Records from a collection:

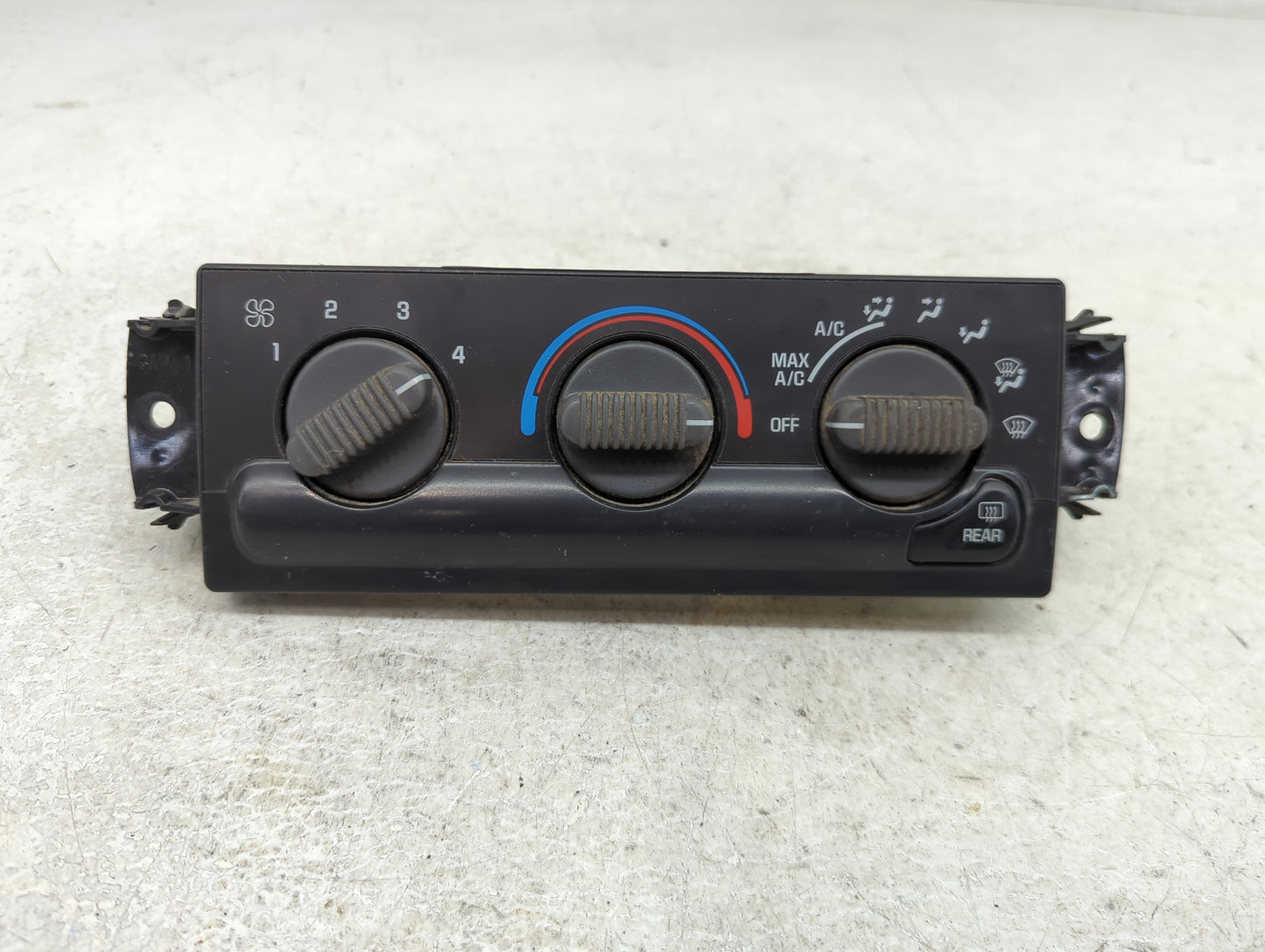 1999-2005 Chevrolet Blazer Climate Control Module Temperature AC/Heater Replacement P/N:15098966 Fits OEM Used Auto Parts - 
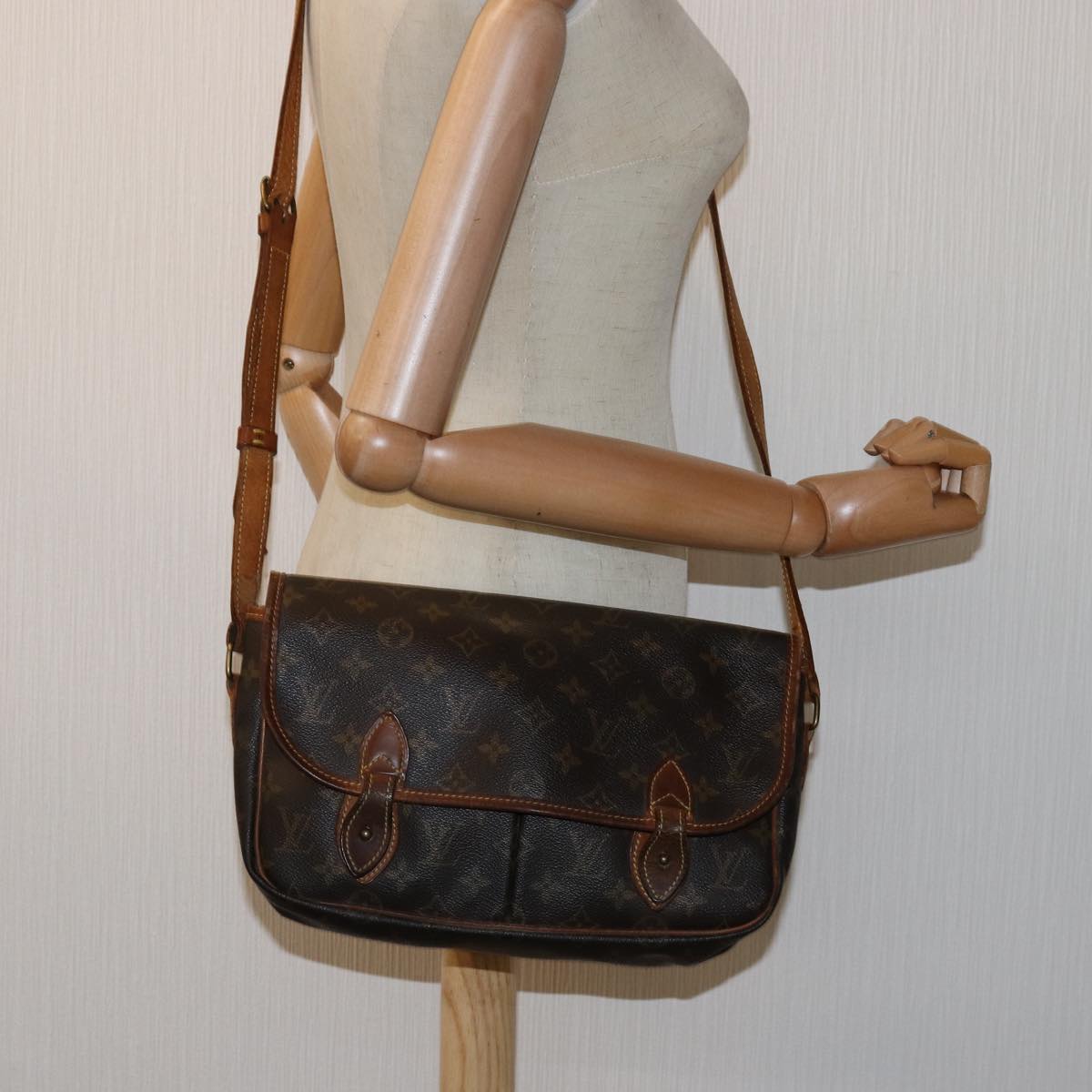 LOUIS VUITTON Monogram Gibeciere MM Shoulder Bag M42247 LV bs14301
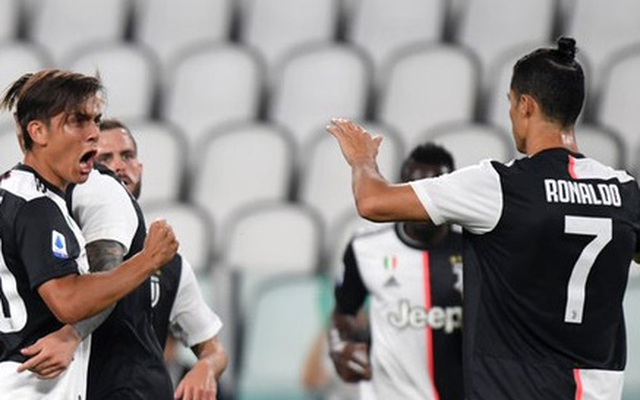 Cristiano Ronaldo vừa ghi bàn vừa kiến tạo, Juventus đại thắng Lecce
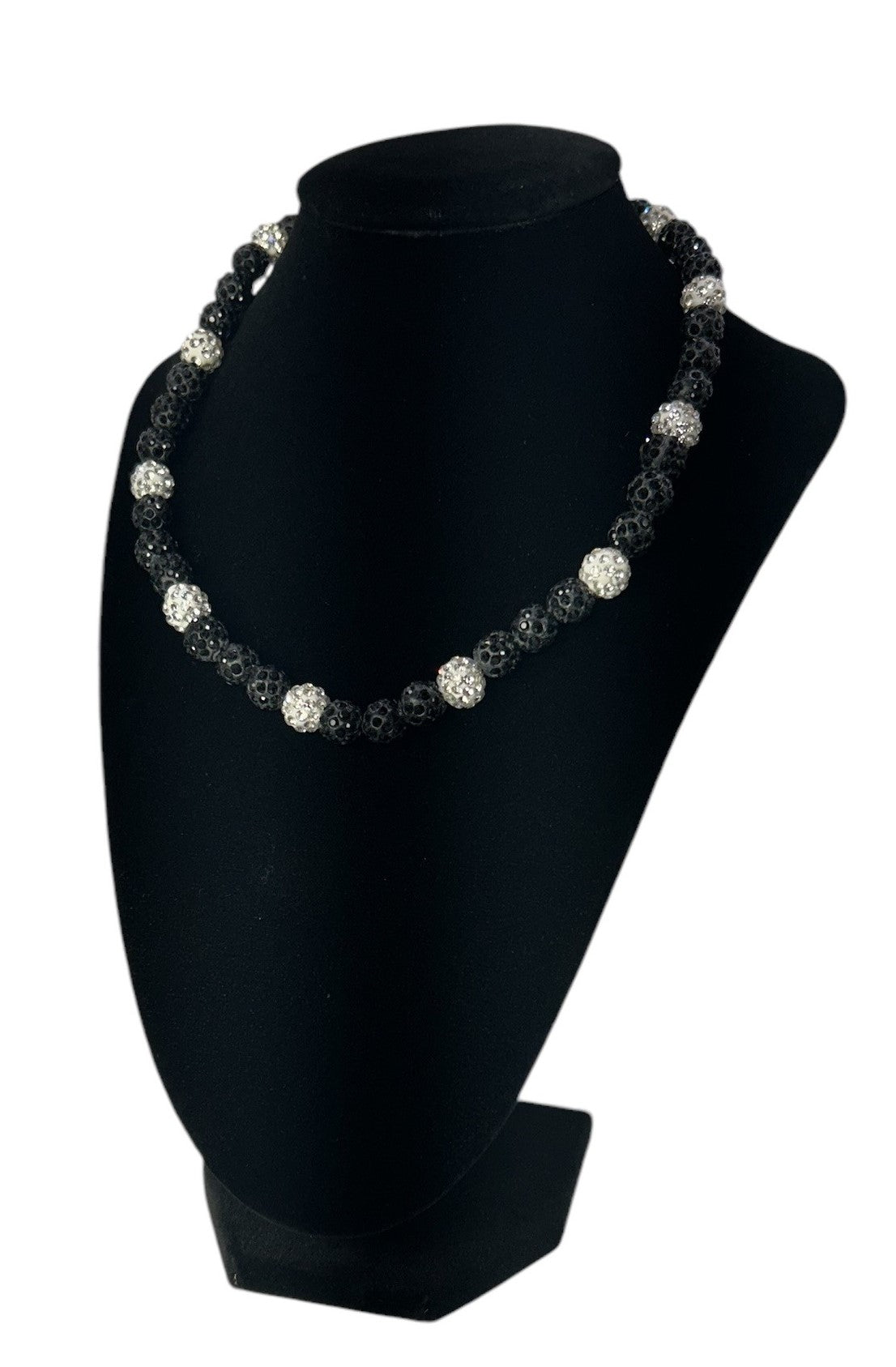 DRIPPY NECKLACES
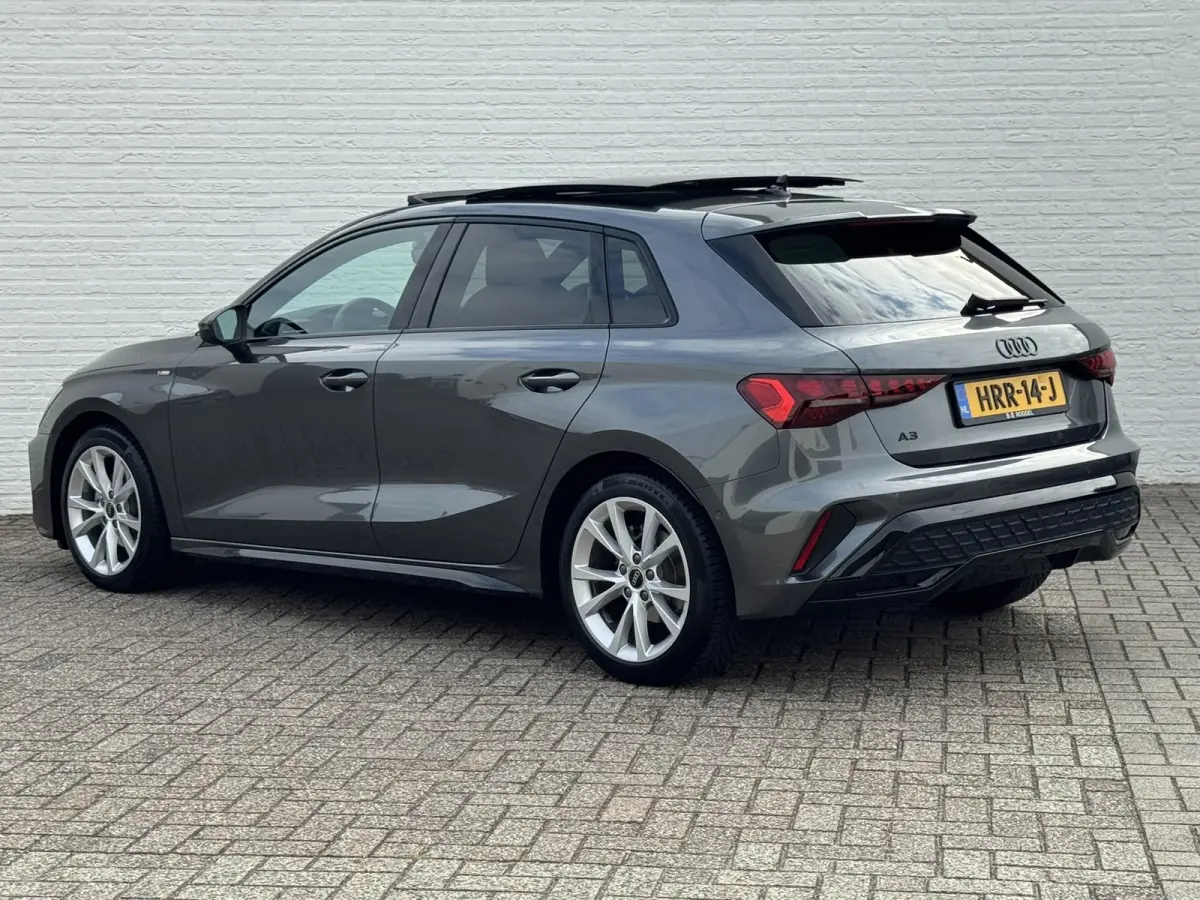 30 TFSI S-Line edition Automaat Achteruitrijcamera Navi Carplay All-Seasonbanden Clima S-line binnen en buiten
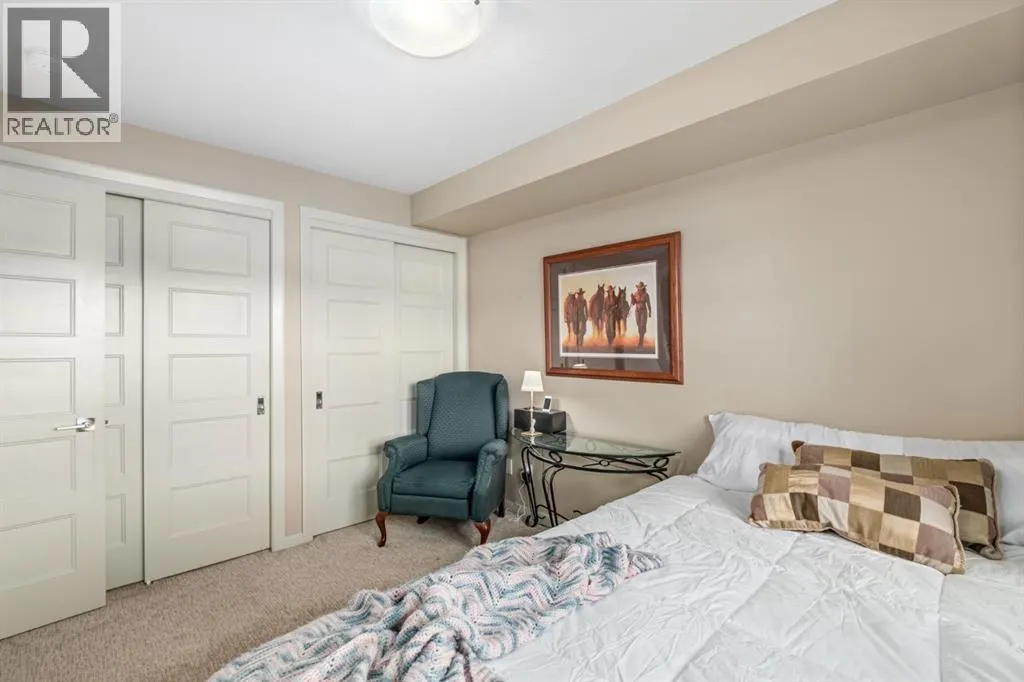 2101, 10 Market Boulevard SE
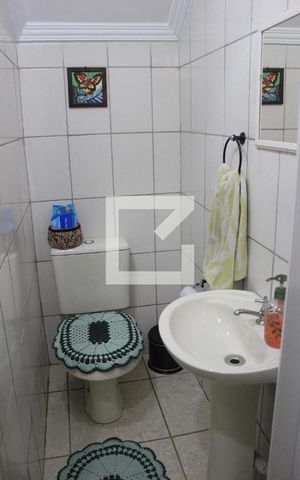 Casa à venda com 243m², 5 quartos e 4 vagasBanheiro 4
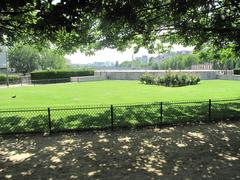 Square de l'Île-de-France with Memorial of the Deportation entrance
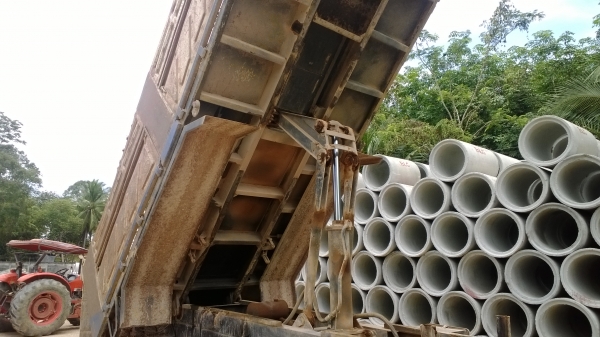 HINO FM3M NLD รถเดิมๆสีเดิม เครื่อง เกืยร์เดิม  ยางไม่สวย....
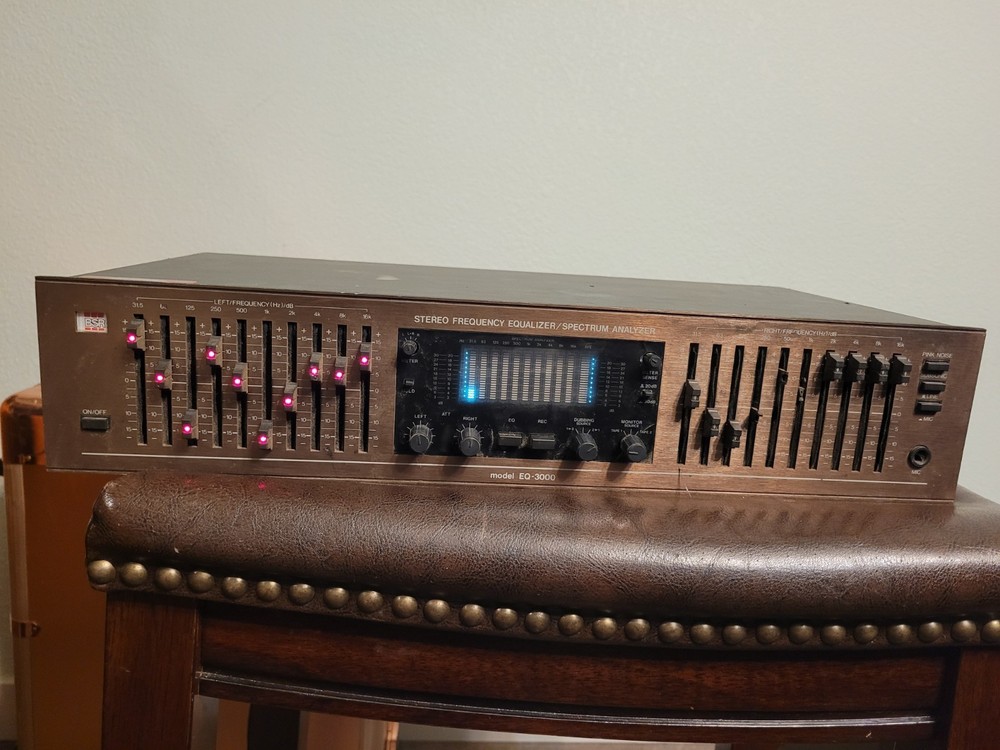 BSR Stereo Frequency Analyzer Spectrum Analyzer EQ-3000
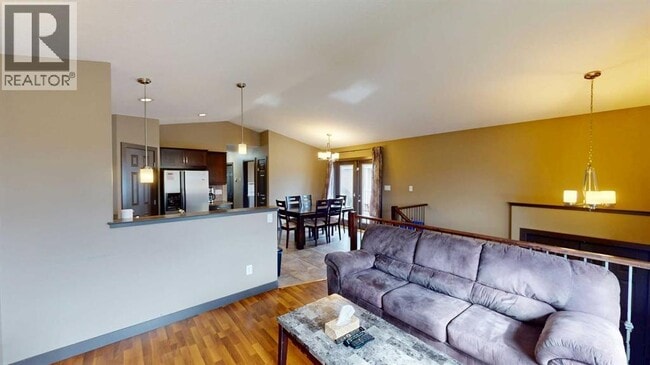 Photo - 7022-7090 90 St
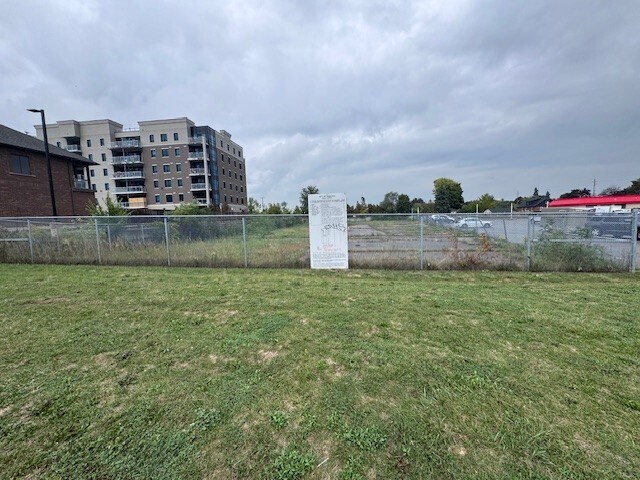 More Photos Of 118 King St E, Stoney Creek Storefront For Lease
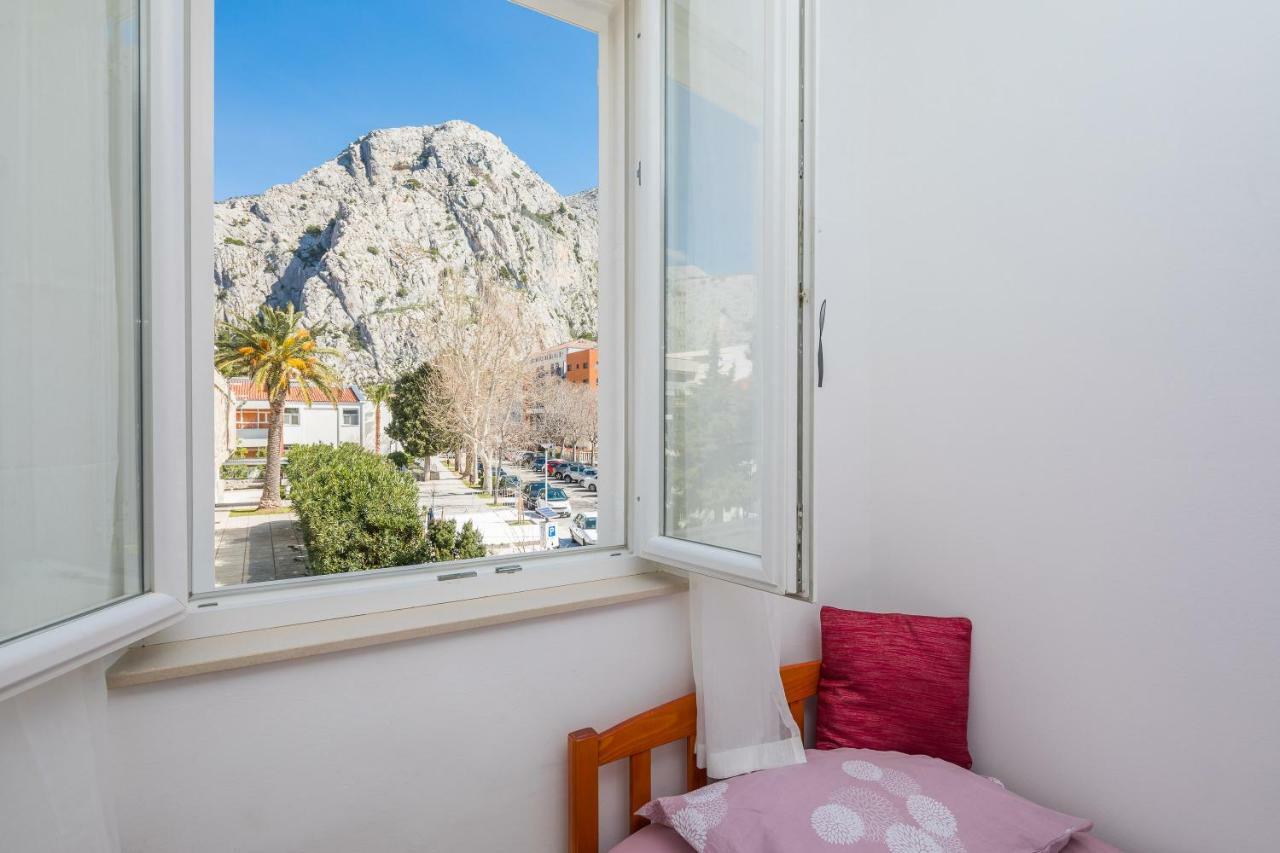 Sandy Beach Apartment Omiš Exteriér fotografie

* [WHAT YOU HAVE TO DO]: Copy the lines of the records, beginning where the line containing "BSR Stereo Frequency" appears and continuing through the final line, exactly and with no pictures.

* [SOLUTION FOR THIS PROBLEM]:
 BSR Stereo Frequency Analyzer Spectrum Analyzer EQ-3000
 Photo - 7022-7090 90 St
 More Photos Of 118 King St E, Stoney Creek Storefront For Lease
 Sandy Beach Apartment Omiš Exteriér fotografie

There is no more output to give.